Удача приостановил работу челюстей, внимательнее посмотрел на собеседника. Потом медленно отодвинул блюдо с остатками от птицы и нахмурился. Коротышка деланно вздохнул, распрямился за столом.
– Что ж делать? Я тоже хочу жить хорошо. – Он пожал узкими худыми плечами, затем громче заметил: – Дай уж и ты рубль, раз предупреждаю о засаде плосконосого.
15. Пленник врагов
Северные тучи ползли им навстречу, ветер холодно облизывал лица, а близость сумерек обезлюдила слободскую окраину, когда они вдвоём, верхом на скоро шагающем аргамаке приближались к ветхой избе коротышки, окружённой старым и местами проломленным, но в основном довольно плотным забором. Ворот не было, и проём между воротными столбами, казалось, позабыл, когда и чем его закрывали в последний раз. При подъезде к нему коротышка схватился за заднюю луку седла и сполз с лошадиного крупа, спрыгнул на землю. Он отстал, но не слышно было, чтобы убегал.

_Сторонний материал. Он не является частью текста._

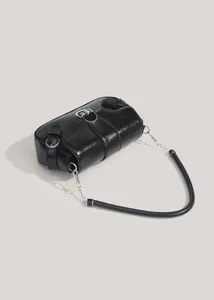 Detail shot of black glossy motorcycle baguette shoulder bag with metallic buckle and chain strap.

В небольшом запущенном подворье Удача остановил коня. Предательская тишь в избе как раз этим и была подозрительной, чудилось, будто за ветхими стенами от какой‑то опасности затаились даже крысы. Не проявляя внешней настороженности, он спешился, оставил поводья на гриве аргамака и шагнул напрямую к проёму с давно отвалившимися дверями. Плавным, но быстрым движением руки вынул из‑за пояса заряженный пистолет с серебряным драконом на ручке, клацнул отведённой собачкой. После чего переступил через подгнивший узкий порог, и старые, грубо обработанные половицы тяжко завздыхали под грузом его перемещающегося тела. В дверной проём из‑за спины и в дыру бывшего окна слева от него, как бы с неохотой, проникал тусклый сумеречный отсвет уходящего дня, бледно высвечивая голую внутренность передней. Она показалась бы заброшенной и покинутой людьми, если бы не запах человеческого проживания. И запах этот не имел никакого отношения к тем, кого он увидел у противоположной стены, возле закрытой двери в другую, жилую половину избы.

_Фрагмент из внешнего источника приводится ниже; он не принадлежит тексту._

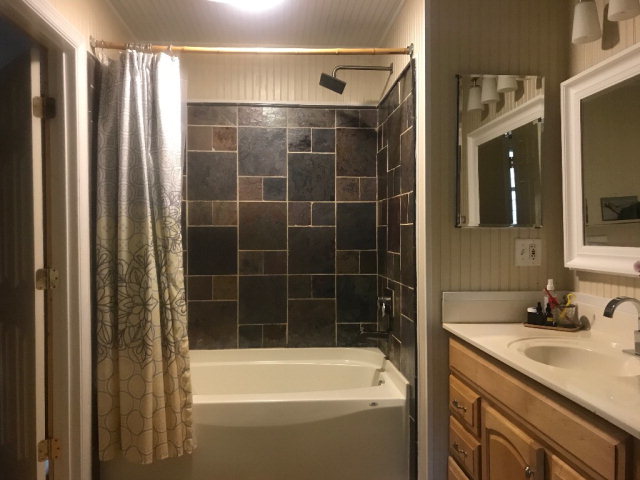 818 Forsling Road Reynolds, GA 31076 - Photo 16 of 35 a bathroom with a granite countertop sink and a bathtub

Лицо Антона было бескровным и цветом сравнимым с мелом. Рот ему плотно зажимала, как когтями хищной птицы, стискивала жилистыми пальцами загорелая темноволосая рука, а в правый висок упиралось дуло пистолета. Взведённый курок пистолета обхватывал указательный палец, и тот, чьим был этот палец, не шутил.